Estamos ante la punta del iceberg de un problema con raíces profundas, de índole cultural, social y política. No soy la más indicada para hacer un análisis de la situación ni para buscar responsables. Yo solo soy la que durante nueve meses tuvo que enfrentarse a una realidad inquietante: niños, casi adolescentes, abocados a un futuro incierto, a los que parece imposible convencer de que hay otro camino transitable, distinto al de la venta ambulante y el mercadeo de chatarra, que si estudian y se preparan pueden romper con el estereotipo social, con la etiqueta prejuiciosa que el sistema les encasqueta por defecto. Para ellos, todo eso es “apayarse”, o lo que es lo mismo, convertirse en payos al intentar imitar su estilo de vida, faltando por tanto a su condición gitana y defraudando a los de “su raza”.
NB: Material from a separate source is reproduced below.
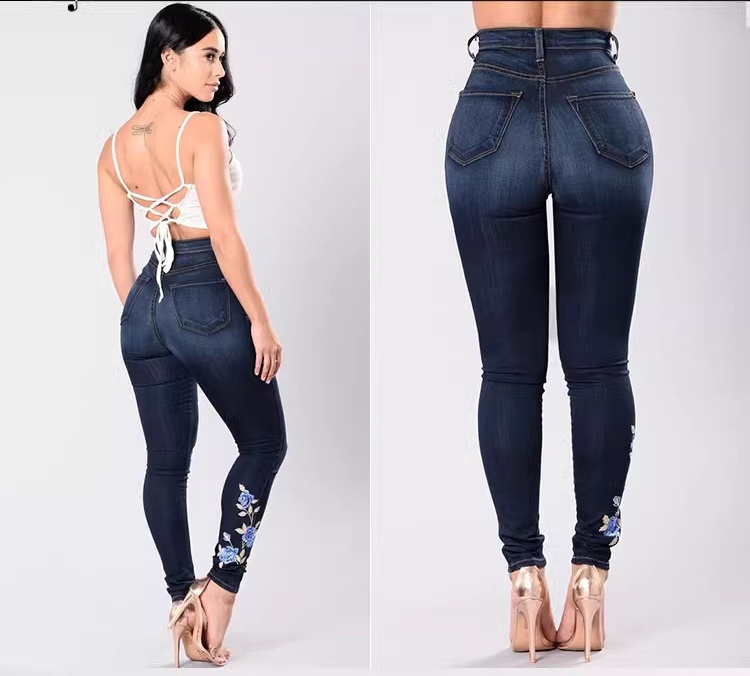 High-Waisted Skinny Jeans with Blue Floral Embroidery and Stretch Fit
Todos terminaron siendo especiales para mí, a pesar de que me llevaron al límite de mi paciencia muchas veces. Comprendí pronto que era casi más urgente abordar sus carencias afectivas y sociales que pretender ponerles al día en contenidos académicos. Al final, lo más constructivo para ellos y para el grupo fue trabajar a diario los aspectos relacionados con la convivencia, con los valores, con el respeto a uno mismo y al prójimo…


Alumnos del Grupo específico de Compensatoria, curso 2014-2015


Con Mihai no resultó difícil trabajar estas cuestiones porque era educado, incapaz de insultar ni incomodar a nadie. Cumplía, eso sí, con el perfil: chaval gitano de catorce años, con un nivel académico de 4º de Primaria y dificultades para el aprendizaje. El día que le puse un mapa del mundo delante descubrí que no sabía decir dónde estaba España o Rumanía; ignoraba dónde se encuentra Madrid o qué hay más allá de las tres manzanas que más frecuenta en su barrio. Un pobre niño perdido, que no sabe dónde está ni cuál es su origen ni su destino. Su existencia consiste en asumir su condición de pobre como algo irremediable, sin casa digna ni ducha donde lavarse, recogiendo ropa de los contenedores y probablemente coqueteando con los bajos fondos sociales, como vía engañosa de escape de una vida que no ha elegido y que se ve incapaz de cambiar. “Soy rumano, gitano, pobre. Me miran mal todos porque mi ropa está sucia y huele mal, por el color de mi piel, por ser extranjero, por mi acento, porque creen que voy a robarles… Y los propios compañeros gitanos también se burlan porque dicen que no soy tan gitano como ellos…”.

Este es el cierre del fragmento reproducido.